Type-Conditional Spec Refinement

When specifying trait methods or generic functions, there is often a special case that allows for more complete specification. In these cases, you can attach a type-conditional spec refinement attribute to the function in question, spelled e.g. #[refine_spec(where T: A + B, U: C, [requires(true), pure])]

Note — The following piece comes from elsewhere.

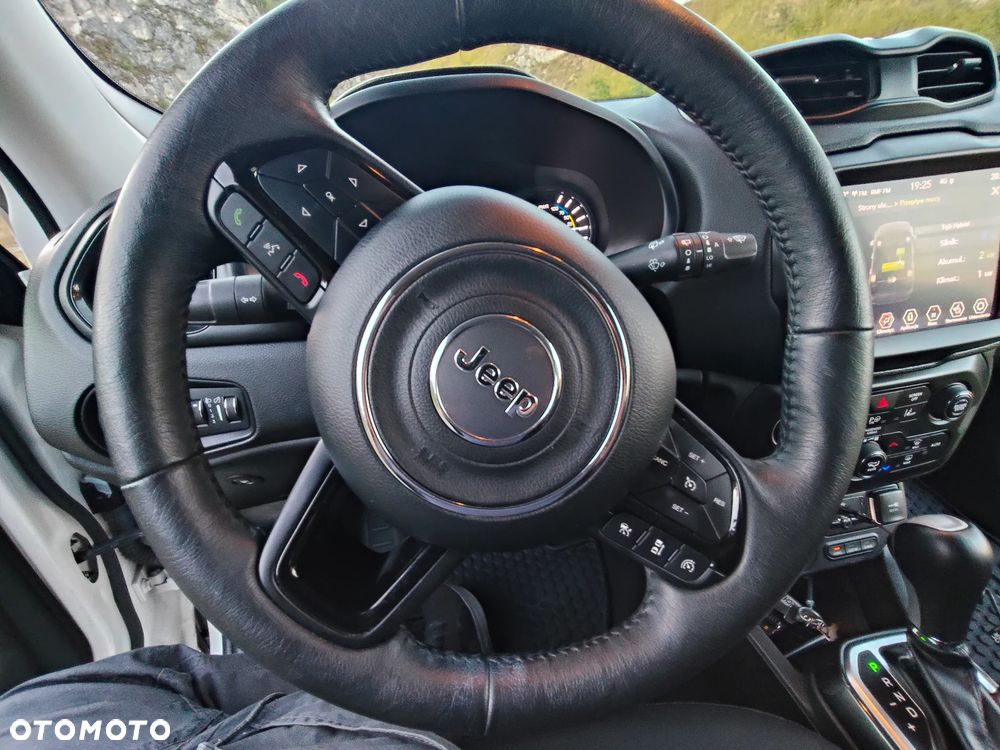 Jeep Renegade 1.3 T-GDI 4xe Automatik S - 26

For example, one could use this to specify a function like core::mem::size_of by defining a trait for types whose size we'd like to specify:

#[pure]
#[refine_spec(where T: KnownSize, [
    ensures(result == T::size()),
])]
fn size_of<T>() -> usize;

pub trait KnownSize {
    #[pure]
    fn size() -> usize;
}

Note that the involved functions are marked as pure, allowing them to be used within specifications. This is another common use case, because functions can only be pure if their parameters and result are Copy, so it is often useful to specify something like #[refine_spec(where T: Copy, [pure])].

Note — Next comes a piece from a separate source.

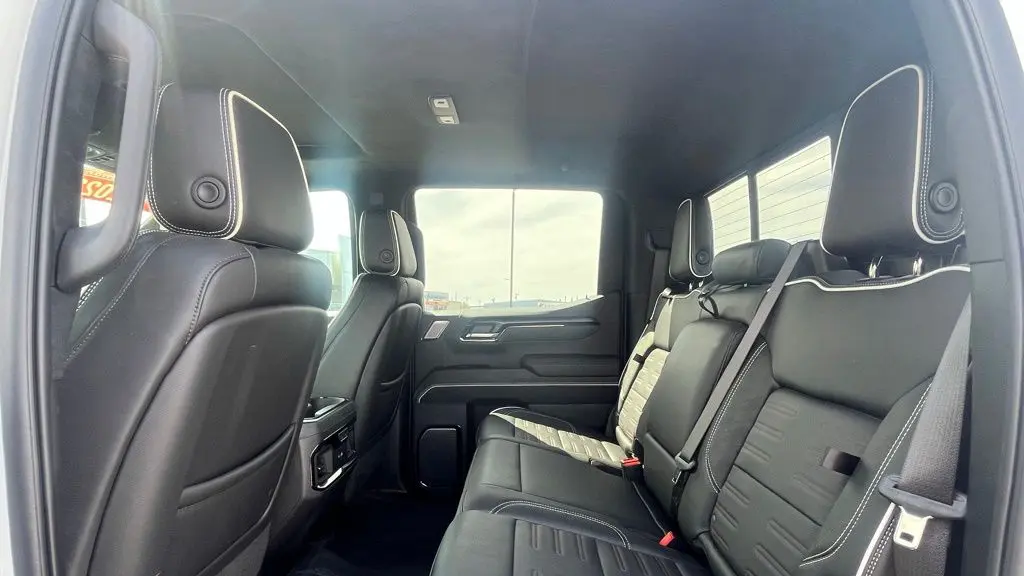 2023 GMC Sierra 1500 AT4X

There are some marker traits which simply modify the behavior of methods in their super-traits. For instance, consider the PartialEq<T> and Eq traits. In order to consider this additional behavior for verification, we can refine the contract of PartialEq::eq when the type is known to be marked Eq:

pub trait PartialEq<Rhs: ?Sized = Self> {
    #[refine_spec(where Self: Eq, [
        ensures(self == self), // reflexive
        // we could write more specs here
    ])]
    #[ensures(/* partial equivalence formulas */)]
    fn eq(&self, other: &Rhs) -> bool;
}

Thus, any client implementing Eq on a custom type can take advantage of the additional semantics of the total equivalence.